The puzzle is the subject of a study led by Dartmouth College assistant professor of geography Jonathan Winter.
He started digging into the Midwest while working on his PhD.
“There are only a couple of regions around the world that have not seen a significant increase in temperature due to climate change. And the Midwestern U.S. just happens to be one of them. And then when we look at the model projections, we see that yes, in fact, if we look out into the future, all of our models are forecasting an increase in temperature,” Winter says.
Winter says focusing on soil moisture proved to be an important tool for his study.

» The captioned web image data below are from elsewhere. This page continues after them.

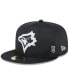 Men's Black Toronto Blue Jays 2024 Clubhouse 59FIFTY Fitted Hat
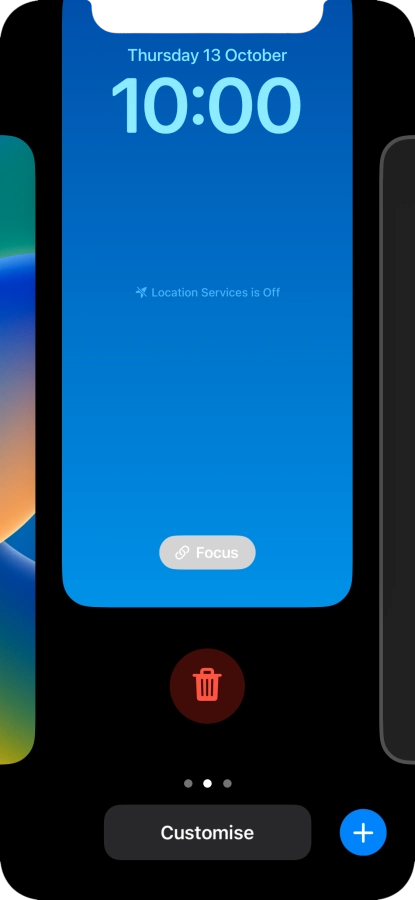 Press the delete icon.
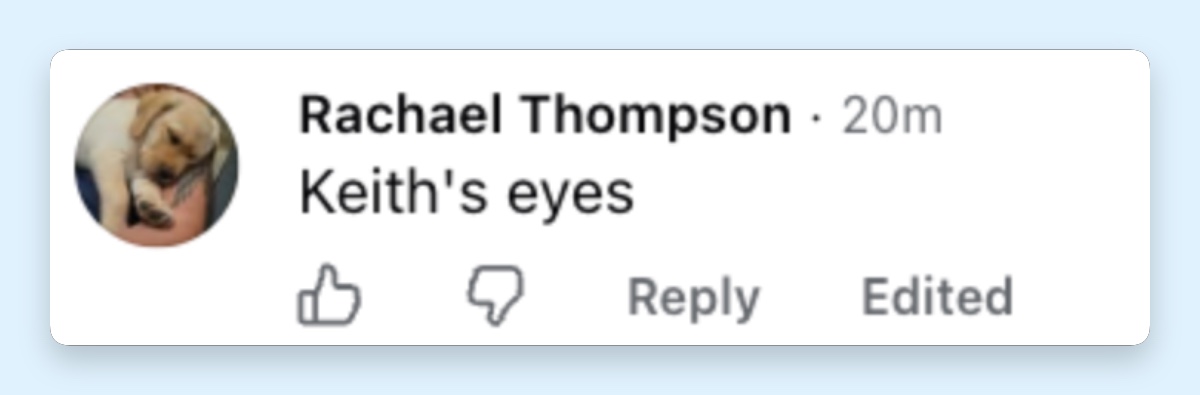One commenter singled out Faith's eyes as a feature she shares with her famous father. | Source: Facebook/Nicole Kidman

“One of the key differentiators of this study is that we were looking at soil moisture. Soil moisture is a good measurement of climate change impacts on agriculture because that’s what a plant cares about, how much water do I have access to in the soil order to grow and transpire,” Winter adds, "the reason why we feel confident looking at soil moisture is because we focused in on the state of Illinois which has a great three-decade-long data set, where they’ve been collecting soil moisture observations from around the state."
The Illinois State Water Survey based at the University of Illinois Champaign-Urbana collects the data.
He says more accurate projections will be critical because of the Midwest’s importance as an agricultural hub.
Winter says while in many part of the globe, scientists have a better idea whether soil moisture is likely to rise or fall, his Midwest research reveals uncertainty “some of the models predict we’re going to see an increase in soil moisture and others predict we’re going to see a decrease.”
Winter says the point of his study is to highlight the uncertainty.
“So we’re going to try to track this back to the atmospheric phenomenon that are driving it and see if we can’t explain better why we have this lack of warming and have that inform how we think about our future projections,” he says.
Winter says while the Midwest’s unique “warming hole” is yet to be fully understood, global climate change is not in question.
“The average global temperature is warming, and in fact NOAA has just released numbers for January-April temperature and 2015 is the hottest start to the year on record, Winter says.
He says we’re poised to experience record-breaking heat around the globe this year.
Winter’s study appears in the journal Water Resources Research.